Fin dall’inizio, il sito de La Pineta ha goduto dell’attenzione nazionale e internazionale(indicativa in tal senso fu ad es. la copertina che nel 1982 la nota rivista americana Nature dedicò al giacimento preistorico di Isernia), e ciò soprattutto da parte di numerosi ricercatori italiani e stranieri che hanno contribuito allo studio del giacimento e delle migliaia di reperti  recuperati grazie agli scavi. Un’attività che ha prodotto anche numerosissime pubblicazioni scientifiche e divulgative determinanti per la valorizzazione del sito preistorico.  L’importanza del giacimento paleolitico di Isernia è stata riconosciuta anche dall’Unesco che, nel 2013,  ha assegnato a La Pineta il prestigioso scudo blu a garanzia di protezione internazionale in caso di conflitti armati e catastrofi naturali.

 

A suscitare tutto questo interesse sono state innanzitutto la remota antichità del sito e la ricchezza della serie stratigrafica, caratterizzata da depositi lacustri, fluviali e vulcanici, utili a definire la successione degli eventi geologici per un’ampia parte dell’Italia meridionale e quindi dell’intero bacino mediterraneo.
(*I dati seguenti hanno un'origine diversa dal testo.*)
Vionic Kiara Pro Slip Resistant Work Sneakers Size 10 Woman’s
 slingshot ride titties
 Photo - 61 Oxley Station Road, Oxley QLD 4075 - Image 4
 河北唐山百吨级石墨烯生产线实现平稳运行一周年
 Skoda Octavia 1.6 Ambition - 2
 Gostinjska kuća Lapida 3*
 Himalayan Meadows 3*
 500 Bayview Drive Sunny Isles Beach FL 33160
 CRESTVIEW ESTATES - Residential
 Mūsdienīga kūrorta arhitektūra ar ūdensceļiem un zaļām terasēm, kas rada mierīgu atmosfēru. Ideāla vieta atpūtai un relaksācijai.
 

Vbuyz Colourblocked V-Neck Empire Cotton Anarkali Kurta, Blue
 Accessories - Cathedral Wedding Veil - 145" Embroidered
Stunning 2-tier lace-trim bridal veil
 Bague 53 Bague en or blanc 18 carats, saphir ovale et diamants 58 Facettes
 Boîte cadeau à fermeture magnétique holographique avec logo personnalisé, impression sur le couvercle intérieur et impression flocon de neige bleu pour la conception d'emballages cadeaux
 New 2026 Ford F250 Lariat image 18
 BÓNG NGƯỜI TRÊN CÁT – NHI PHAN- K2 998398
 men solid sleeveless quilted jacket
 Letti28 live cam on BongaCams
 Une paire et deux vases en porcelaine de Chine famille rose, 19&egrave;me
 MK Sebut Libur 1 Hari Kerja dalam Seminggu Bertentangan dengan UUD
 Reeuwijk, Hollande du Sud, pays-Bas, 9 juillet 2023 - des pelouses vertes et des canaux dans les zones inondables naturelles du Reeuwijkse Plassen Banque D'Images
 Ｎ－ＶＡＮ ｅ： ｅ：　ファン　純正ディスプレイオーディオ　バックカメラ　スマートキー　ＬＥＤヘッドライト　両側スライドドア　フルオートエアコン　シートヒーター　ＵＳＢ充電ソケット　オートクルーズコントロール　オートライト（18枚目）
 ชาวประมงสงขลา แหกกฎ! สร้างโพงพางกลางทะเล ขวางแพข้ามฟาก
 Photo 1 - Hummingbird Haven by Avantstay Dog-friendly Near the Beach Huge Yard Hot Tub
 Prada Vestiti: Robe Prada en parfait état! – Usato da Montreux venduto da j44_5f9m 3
Dal punto di vista della fauna preistorica, il sito si è inoltre rivelato particolarmente interessante perchè l’abbondanza di resti animali ha permesso lo studio di antichissime popolazioni di bisonte e rinoceronte, oltre a svelare la presenza di specie mai segnalate in Europa per zone così meridionali. Da tre distinti suoli di abitato individuati dagli studiosi, sono emerse migliaia di reperti capaci di offrire preziose informazioni sulle modalità di produzione degli strumenti litici, sulle attività di caccia e di macellazione degli animali, sull’organizzazione degli spazi abitativi e sulle strategie di sussistenza. Proprio per questo suo multiforme carattere, gli studi sul sito sono stati condotti con criteri interdisciplinari, coinvolgendo settori che vanno dalla geologia alla geomorfologia, pedologia, paleontologia, palinologia, cronologia, paleontologia umana, antropologia, paletnologia. Ciò ha permesso di ottenere un quadro articolato dell’insediamento, utile non solo a fini scientifici ma anche divulgativi.

 

A partire dal 1999, l’attività esplorativa è stata agevolata dalla costruzione di un padiglione di circa 700 mq a copertura dell’area di ricerca, scelta che ne ha permesso la svolgimento in diversi mesi dell’anno. Le campagne di scavo più recenti si sono focalizzate soprattutto sull’archeosuperficie più ricca di materiale archeologico, nonchè custode delle testimonianze di frequentazione umana dell’area e di sfruttamento delle risorse ambientali a scopo alimentare, ma il contesto ha ancora tanto altro da offrire all’interpretazione degli studiosi che qui giungono da tutto il mondo, ragione per cui una continuazione degli interventi di scavo rimane l’obiettivo sempre auspicabile ai fini di una comprensione più completa di questo luogo straordinario (...).